Perfect Drift: Same race, next year

Perfect Drift, who won the Hawthorne Gold Cup in 2003 and was second last year, will be heavily favored.

CHICAGO - A curious racing fan looking back to, say, mid-May, would find in Daily Racing Form's Watchmaker Watch, a weekly listing of divisional leaders, 10 names in the older-male category. Ghostzapper is retired. Roses in May is retired. Rock Hard Ten hasn't raced in months. Southern Image - retired. Badge of Silver - hasn't raced in months. Funny Cide - done for the year. Second of June - on the shelf. Eddington - retired. And Pollard's Vision is retired.

If the Breeders' Cup Classic turns into a game of Last Horse Standing, we can always turn to Perfect Drift.

Perfect Drift, three-quarters of the way through his 6-year-old season, didn't make the top 10 list in May, but he has plowed through another highly successful season, winning twice in five starts so far while racking up another half-million dollars in earnings.

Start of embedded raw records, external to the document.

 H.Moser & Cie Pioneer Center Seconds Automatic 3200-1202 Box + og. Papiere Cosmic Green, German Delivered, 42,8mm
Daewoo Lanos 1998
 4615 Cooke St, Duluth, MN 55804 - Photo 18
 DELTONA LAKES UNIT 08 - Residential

The total is set to go significantly higher on Saturday at Hawthorne Race Course, where Perfect Drift will be favored to beat nine rivals in the Grade 2, $750,000 .

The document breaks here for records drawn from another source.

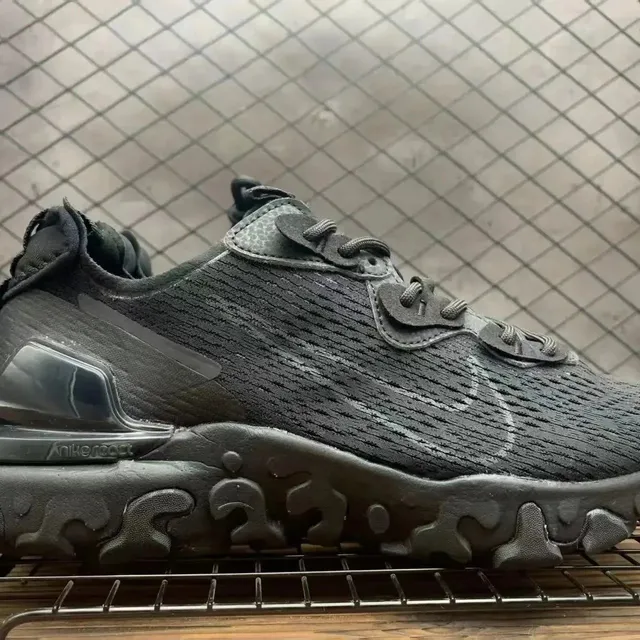 Nike Air VaporMax Plus Triple Black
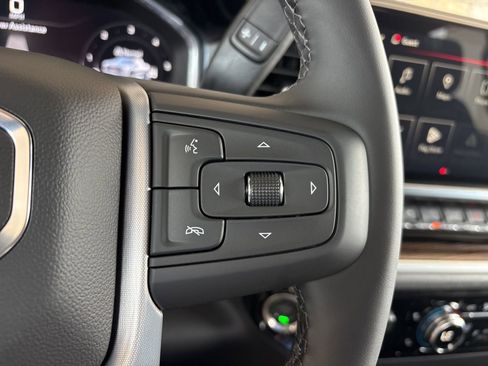 New 2026 GMC Sierra 1500 Elevation image 24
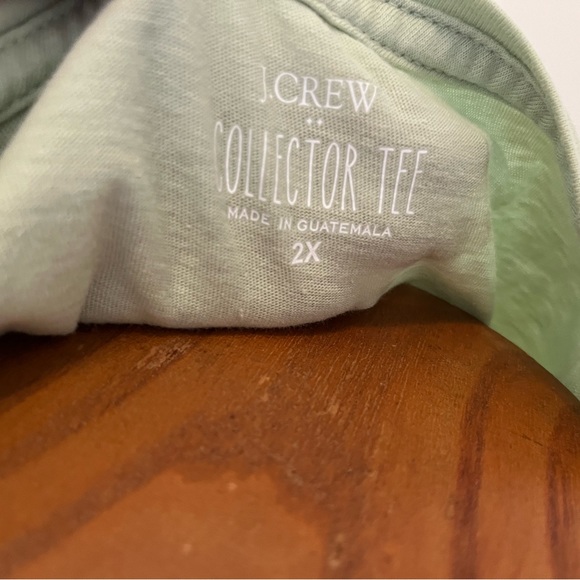 J Crew Collector Tee - Summer Dogs 2X - Picture 3 of 3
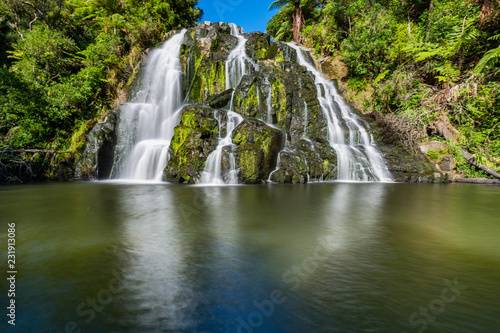 Fototapeta Naklejka Na Ścianę i Meble -  magical Owharoa Falls, Coromandel Peninsula, New Zealand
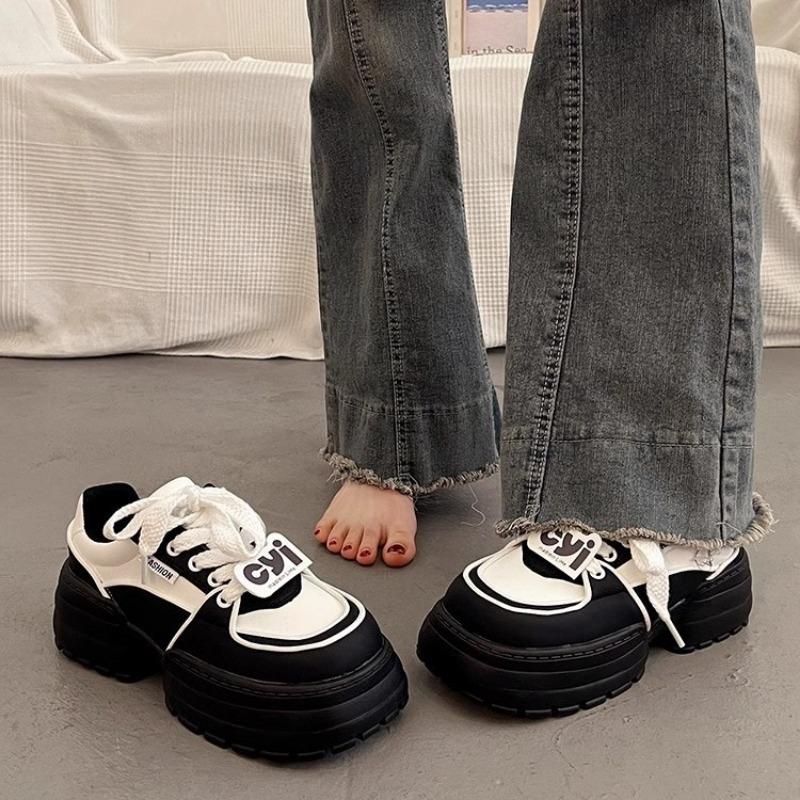 Versatile Little White Shoes Women's Muffin Platform Dad Shoes Spring and Autumn New Niche Height-increasing Sports Shoes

Absent another standout handicapper, Perfect Drift could be as short a price, 1-2, as he was in this race last season. But his connections, the Stonecrest Farm of William and Mary Reed and trainer Murray Johnson, are hoping for a different result, since a year ago Perfect Drift was passed in the stretch by a longshot named Freefourinternet.

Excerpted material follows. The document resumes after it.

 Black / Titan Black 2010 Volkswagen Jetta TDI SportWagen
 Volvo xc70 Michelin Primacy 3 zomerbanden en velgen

"Last year, it was just the way the race worked out," Johnson said. Jockey Pat Day "just couldn't see Freefourinternet. That's racing, and that's why they run the races."

The thing about Perfect Drift is, if you don't like the way things turned out one year, you can always drag out an older calendar. In 2003, Perfect Drift won the Gold Cup, and he seems stronger entering Saturday's race than when he came to Hawthorne last fall.

Johnson has been training Perfect Drift at the Churchill Downs training center in Louisville since the horse was 2. To say a routine has developed would be an understatement. There are the geese that frequent a lagoon inside the training oval, birds that Perfect Drift must always account for when he goes out to train. And there are the days, every week or so barring a race, when Perfect Drift is allowed to open up just a little bit during a timed workout.

"Dr. Reed was in town last week when we went and did our usual five-eighths work," Johnson said, "and it's amazing just how many times we've done that. He just keeps on going, and he's as good as he has ever been. To me, he has been amazingly consistent."

Among others, Perfect Drift has to beat the defending Gold Cup winner in Saturday's race, run at 1 1/4 miles on dirt. Freefourinternet, in fact, has not won a race since he came from more than 20 lengths back in the 2004 Gold Cup.

"It's the same as last year," said trainer Mike Maker. "It's $750,000 and we will take a shot. He's not training any different than at any other time. Obviously, he needs the pace scenario to set up just right for him, and no bias on the racetrack. He has got his own way about himself."

With the local horse Nkosi Reigns opting for the Carey Handicap - one of two other stakes here on Gold Cup Day - the pace figures only to be moderate, with California shipper Desert Boom likely to get the lead, tracked by Lord of the Game. Desert Boom finished third, beaten less than a length, in his last start, the Longacres Mile, and had won three in a row before that start, including the Claiming Crown Jewel over Lord of the Game. Desert Boom's owner, Robert Bone, said a wide draw in the Longacres Mile compromised his horse, and that the Gold Cup's additional quarter-mile would help Desert Boom.

The Gold Cup's wild card is Good Reward, a Grade 1 winner on turf, but with a dirt record of 1-0-0 from five starts.

"We wanted to give him another chance on dirt," said Buzz Tenney, assistant to trainer Shug McGaughey. "Recently he has trained as well on dirt as on turf. I think he's a lot different horse on dirt than he was even a year ago."